Steven Quale, formatosi sui set cameroniani di Titanic e Avatar, passando anche per quello di Final Destination 5, adotta senza alcuna forma di distanziazione o ironia il modulo televisivo per introdurre personaggi e situazioni. Ci si rivolge direttamente in macchina sciorinando terrificanti banalità sulle aspettative di futuro e – come potrebbe essere altrimenti? – i sentimenti, la vita e quant’altro. Tutto il film di Quale sembra essere stato predigerito dalla televisione per essere diretto a un ideale spettatore televisivov.

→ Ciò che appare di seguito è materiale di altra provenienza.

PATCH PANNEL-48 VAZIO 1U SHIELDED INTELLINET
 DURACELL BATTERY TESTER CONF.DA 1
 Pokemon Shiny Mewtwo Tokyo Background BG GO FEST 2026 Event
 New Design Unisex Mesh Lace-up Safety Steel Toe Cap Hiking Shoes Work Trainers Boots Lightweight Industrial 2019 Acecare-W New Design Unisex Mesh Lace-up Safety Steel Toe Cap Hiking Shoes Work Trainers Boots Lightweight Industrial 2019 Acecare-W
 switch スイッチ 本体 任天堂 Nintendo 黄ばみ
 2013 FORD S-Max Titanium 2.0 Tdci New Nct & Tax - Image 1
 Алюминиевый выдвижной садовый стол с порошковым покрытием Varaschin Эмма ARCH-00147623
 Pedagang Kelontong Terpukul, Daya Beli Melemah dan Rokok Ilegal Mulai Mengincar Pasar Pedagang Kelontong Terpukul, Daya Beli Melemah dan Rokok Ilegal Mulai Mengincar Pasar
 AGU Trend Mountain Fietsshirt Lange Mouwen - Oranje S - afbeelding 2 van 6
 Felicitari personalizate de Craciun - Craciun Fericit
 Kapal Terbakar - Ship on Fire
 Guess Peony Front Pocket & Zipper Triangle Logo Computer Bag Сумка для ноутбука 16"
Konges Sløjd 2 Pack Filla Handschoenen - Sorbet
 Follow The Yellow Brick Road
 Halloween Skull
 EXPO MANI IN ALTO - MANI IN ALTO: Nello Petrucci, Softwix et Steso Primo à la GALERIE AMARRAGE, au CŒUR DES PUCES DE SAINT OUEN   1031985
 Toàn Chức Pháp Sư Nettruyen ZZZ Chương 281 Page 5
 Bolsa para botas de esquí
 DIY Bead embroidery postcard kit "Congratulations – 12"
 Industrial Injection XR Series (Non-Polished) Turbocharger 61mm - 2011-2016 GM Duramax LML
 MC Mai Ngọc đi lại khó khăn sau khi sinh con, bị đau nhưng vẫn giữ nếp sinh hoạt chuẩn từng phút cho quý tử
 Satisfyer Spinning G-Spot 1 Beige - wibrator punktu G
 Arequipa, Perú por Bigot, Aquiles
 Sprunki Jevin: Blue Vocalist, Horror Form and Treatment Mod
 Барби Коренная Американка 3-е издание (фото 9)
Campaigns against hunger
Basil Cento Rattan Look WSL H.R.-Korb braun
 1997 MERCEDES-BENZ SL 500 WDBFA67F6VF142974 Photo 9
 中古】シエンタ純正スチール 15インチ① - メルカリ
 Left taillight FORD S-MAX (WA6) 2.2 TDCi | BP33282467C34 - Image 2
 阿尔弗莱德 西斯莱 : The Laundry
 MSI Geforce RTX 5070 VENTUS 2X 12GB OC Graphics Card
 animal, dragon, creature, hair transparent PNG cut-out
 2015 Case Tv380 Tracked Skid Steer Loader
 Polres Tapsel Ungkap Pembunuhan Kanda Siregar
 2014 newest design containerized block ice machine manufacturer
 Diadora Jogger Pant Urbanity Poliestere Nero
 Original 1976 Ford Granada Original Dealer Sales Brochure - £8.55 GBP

Il cacciatore di uragani, infatti, sembra provenire direttamente dai set o dalle location di un canale tematico, mentre il parco di giovani che fa da cornice generica al film non sfigurebbe nelle sitcom. Come ridotto alle dimensioni di un immaginario televisivo, interrotto regolarmente da break pubblicitari, il film si produce in una serie pressocché insostenibile di uoghi comuni e di atroci dialoghi resi con lignea piattezza.
Anche gli effetti speciali, peraltro non particolarmente inventivi se si eccettua parzialmente la devastazione dell’aereoporto, sembrano realizzati in economia, come se Into the Storm fosse la prova generale per un blockbuster ancora da fare piuttosto che un’opera a se stante (o il riciclaggio di materiale di scarto di altri film).
Laddove il tradizionale film catastrofico è sostanzialmente una riscrittura del patto sociale, questo si limita a riaffermare l’esistente confermandone i valori. Fantasmizzazione di una tensione bellica latente, Into the Storm opera una feticizzazione della distruzione di massa tesa a riaffermare i valori di una comunità nazionale (la bandiera a stelle e strisce che sventola intatta sulle rovine). Come se la distruzione, lo spettacolo della distruzione, fosse il banco di prova sul quale mettere in scena ciò che rimane dei segni di un’identità avvertita evidentemente sempre più a rischio d’estinzione.
Per questo Into the Storm non possiede un briciolo di hybris né tantomeno il gusto della serie B di una volta; piuttosto adotta e riafferma i modelli dominanti del cinema hollywoodiano svuotandoli delle loro potenzialità celibi e politiche. La comunità che ritrova se stessa nel combattere la natura, secondo lo schema classico del disaster movie, si offre come estensione del mito della conquista delle frontiere. Giunti alla fine del consumo delle frontiere, non resta altro che la lotta vana con la natura stessa nel tentativo di carpirle l’ultima immagine possibile.
Steven Quale, ovviamente, non possiede né il lirismo macchinico di Michael Bay né tantomeno il timore e tremore panico di James Cameron, e riduce la sua esperienza del mondo e della catastrofe alle dimensioni dello schermo televisivo privando così il disaster-movie persino della sua superficiale componente pedagogica. In soli 89 minuti, Into the Storm umilia un intero genere annoiando a morte lo spettatore atterrito non dagli uragani ma da una rara e sconfortante, oltre che spudorata, esibizione di mancanza di intelligenza e di gusto.